Ai "vecchi" appartiene il potere, che è reazionario e conservatore, che guarda verso il basso. Quasi parassitario tende a schiacciare chi ne è in possesso. La potenza (o, meglio, la volontà di potenza) appartiene invece ai trentenni. Essa è il senso dell'essere, una forza espansiva, la prova che la molla della vita che non sono i piaceri terreni. Non il clan, non i soldi o la droga, ma l'autoaffermazione e l'autopotenziamento. Essa, come dice Enea, "richiede integrità e generosità" e per questo costituisce l'elemento che fa dei suoi coetanei degli eroi romantici, ma non per questo vincenti o, ancor meno, martiri. Essi non sono delle vittime di un mondo costruito dai genitori cattivi, ma sono protagonisti di un mondo in guerra da cui non sono in grado di salvarsi. Lo dice, a suo modo, anche la Eva di Benedetta Porcaroli al suo amato, prima a parole e poi nello sguardo di un finale che non c'entra niente con la felicità e il senso di compiutezza che il suo personaggio dovrebbe vivere.
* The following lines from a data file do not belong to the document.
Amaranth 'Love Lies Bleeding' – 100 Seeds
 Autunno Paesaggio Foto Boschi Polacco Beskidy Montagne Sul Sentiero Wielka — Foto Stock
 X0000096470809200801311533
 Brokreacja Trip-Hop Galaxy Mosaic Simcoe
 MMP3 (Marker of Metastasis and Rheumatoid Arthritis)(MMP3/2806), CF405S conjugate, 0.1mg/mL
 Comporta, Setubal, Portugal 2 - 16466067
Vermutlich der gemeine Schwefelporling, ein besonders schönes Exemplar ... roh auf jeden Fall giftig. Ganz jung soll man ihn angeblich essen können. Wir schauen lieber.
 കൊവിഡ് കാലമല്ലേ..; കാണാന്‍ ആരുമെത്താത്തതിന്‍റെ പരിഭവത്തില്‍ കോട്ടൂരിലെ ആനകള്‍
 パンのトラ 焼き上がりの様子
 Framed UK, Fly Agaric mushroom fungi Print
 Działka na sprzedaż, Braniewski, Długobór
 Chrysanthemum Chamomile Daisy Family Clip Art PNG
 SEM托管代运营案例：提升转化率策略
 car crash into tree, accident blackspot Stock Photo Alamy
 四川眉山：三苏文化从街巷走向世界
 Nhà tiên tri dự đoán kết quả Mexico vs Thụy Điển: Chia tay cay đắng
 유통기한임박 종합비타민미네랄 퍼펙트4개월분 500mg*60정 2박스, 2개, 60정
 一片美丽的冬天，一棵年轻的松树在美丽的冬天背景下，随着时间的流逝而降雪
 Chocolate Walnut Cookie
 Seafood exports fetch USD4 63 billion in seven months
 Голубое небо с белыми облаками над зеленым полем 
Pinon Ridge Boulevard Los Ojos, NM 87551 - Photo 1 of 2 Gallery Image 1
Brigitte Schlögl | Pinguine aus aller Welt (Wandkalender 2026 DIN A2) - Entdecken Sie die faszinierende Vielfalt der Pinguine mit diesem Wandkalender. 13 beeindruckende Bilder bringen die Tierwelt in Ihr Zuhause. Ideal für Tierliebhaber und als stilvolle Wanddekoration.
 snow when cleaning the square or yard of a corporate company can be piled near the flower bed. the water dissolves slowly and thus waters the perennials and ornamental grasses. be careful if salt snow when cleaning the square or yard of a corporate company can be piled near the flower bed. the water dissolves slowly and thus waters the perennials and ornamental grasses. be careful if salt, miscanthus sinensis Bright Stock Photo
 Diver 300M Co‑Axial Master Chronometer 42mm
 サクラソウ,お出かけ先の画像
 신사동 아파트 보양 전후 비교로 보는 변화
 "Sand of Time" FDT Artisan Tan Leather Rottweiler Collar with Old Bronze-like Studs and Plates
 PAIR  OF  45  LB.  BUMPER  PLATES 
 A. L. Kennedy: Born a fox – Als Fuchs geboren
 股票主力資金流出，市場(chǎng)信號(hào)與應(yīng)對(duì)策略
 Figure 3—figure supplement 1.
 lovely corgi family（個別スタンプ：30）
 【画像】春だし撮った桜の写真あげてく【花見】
Nell'apice del loro fallimento il mondo cade sulla testa dei trentenni e ciò succede per colpa loro. Sono loro che hanno perseguito la volontà dei loro genitori senza trovare un'altra strada. Magari, una strada che potrebbe invece magari trovare chi è più piccolo di loro, come il fratello minore di Enea, Brenno (interpretato da Cesare Castellitto). Castellitto lega a doppio filo l'apice del fallimento del racconto generazionale al suo personaggio e quindi al film, togliendogli, infine, qualsiasi tipo di forza. A cosa può servire un Enea in grado di portare sulle spalle suo padre Anchise, in un mondo in cui quest'ultimo è in grado di volare? Forse il troiano di Omero qualcosa si sarebbe inventato, dopo tutto lui è riuscito a scappare da un mondo in fiamme per fondarne un altro. Quello che dà il titolo ad Enea, invece, è solo un millennial. Fallito.